En su nuevo hogar, Niní solía asomarse por la ventana para escuchar los distintos acentos con los que se comunicaban sus vecinos inmigrantes. Pronto dio muestras de un temperamento inquieto. Pasaba horas escondida esperando que la fueran a buscar. La anotaron en una primaria estatal, pero era el tiempo donde el modelo “calladita y modosita” imperaba sobre el de “autónoma y empoderada”. Sus morisquetas no se consideraban gracias sino falta de respeto y en el boletín se la encasillaba en “conducta: mala”. Para ver si la hija mejoraba a la madre se le ocurrió una dudosa solución: la anotó medio pupila en un colegio de religiosas.
Las ganas de “disciplinar” a Niní se ve que no eran tantas. A los seis años, la niña deslumbró con una actuación en el Centro Asturiano y doña Ángela decidió anotarla en una academia de danzas españolas. Al tiempo, el zapateo se impuso y la madre viendo el talento de su hija, la sacó del colegio religiosa y la reinscribió en el público.

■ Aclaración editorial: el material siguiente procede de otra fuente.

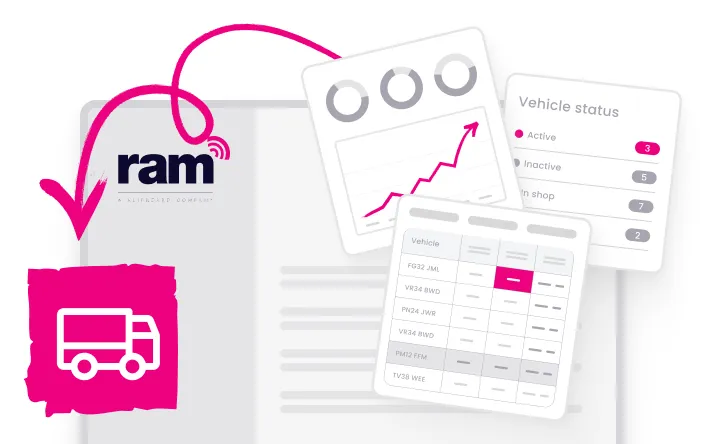 Illustration showing RAM company logo linked by a pink arrow to an icon of a delivery truck, alongside charts displaying vehicle status and performance data.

En la secundaria, Niní se destacaba por imitar a sus docentes. En la fiesta de graduación le pidieron hacer un cartel con lo que deseaba ser y escribió “domesticóloga”, muy lejano a su real sueño de seguir Filosofía y Letras. Nunca pudo inscribirse porque se recibió “tempranamente de señora”. Apareció en su vida un ingeniero llamado Felipe Edelman, nacido en Rusia y varios años mayor. Se casaron y se fueron a vivir al interior. Fueron padres de Ángeles. El ingeniero resultó ser un jugador compulsivo. Niní volvió a Buenos Aires sin marido, sin trabajo y con una beba por mantener. La cena solo era un tazón de café con leche que la madre convertía en un viaje mágico. “Me invitaba a imaginarnos que estábamos en una cabaña, afuera nevaba mucho, hacía frío y aullaban los lobos… yo me asustaba pero no le decía nada”, recordó alguna vez su hija.

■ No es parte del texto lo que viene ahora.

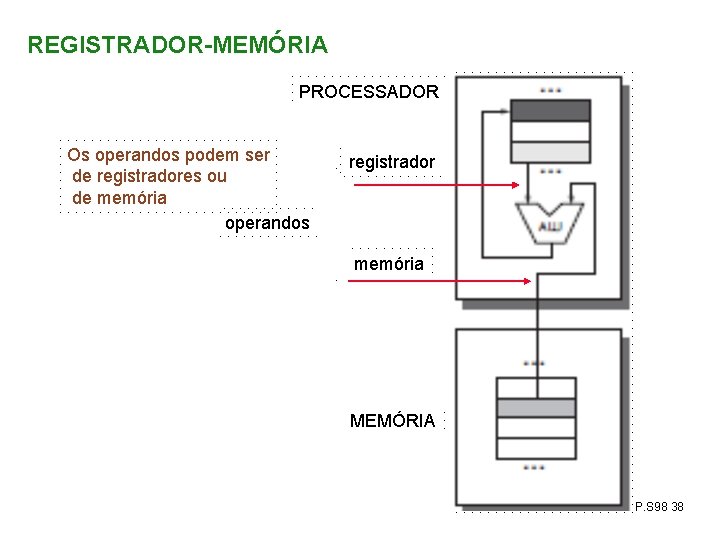 REGISTRADOR-MEMÓRIA PROCESSADOR Os operandos podem ser de registradores ou de memória operandos registrador memória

Gracias a Delfín Ravinovich, un amigo de su abuela, consiguió trabajo en una redacción. Primero como periodista especializada en temas de mujer en La novela semanal y luego en Sintonía. Firmaba como Mitzi y redactaba una columna llamada Alfilerazos con observaciones punzantes y graciosas sobre los cantantes de moda que ella misma ilustraba.
En la editorial alguien descubrió su veta cómica y le aconsejó presentarse en la reina de ese momento: la radio. Se anotó en un concurso como Ivonne D’Arcy y ganó en la categoría cantante internacional. Pasó por radio Belgrano y luego anduvo por Nacional y Municipal.
Para esa época conoció a Marcelo Salcedo, un contador paraguayo que la amó como mujer y la valoró como artista. Le dijo que Niní era un nombre maravilloso pero que faltaba un apellido. Ella tomó el Mar de Marcelo y el Sal del Salcedo. Pero los periodistas agregaron una l y una sh. Así surgió la artista que sería leyenda: Niní Marshall.
En Nacional hizo nacer a Cándida Loureiro Ramallada, una gallega desopilante que se despedía con un “Muitas gracias por tanto comedimento”. Después llegó Catita Pizzafrola y su “Sepa, caballero, que me toque, antes tiene que pasar por el Registro Civil”. Creaciones que mezclaban las voces que escuchaba en su San Telmo de infancia y que perfeccionó realizando viajes en tranvías y colectivos, visitando ferias, recorriendo fábricas. Creó personajes queribles, creíbles y reconocibles. En esa voz, los que hasta ese momento no tenían voz comenzaban a tenerla. El cocoliche fue el mejor reflejo de esa sociedad atravesada por criollos e inmigrantes. Observadora inteligente y mordaz, Niní convertía en libretos la realidad. Hizo del humor una bandera. Jamás se burló de los más débiles. Creía en el humor, no en la crueldad.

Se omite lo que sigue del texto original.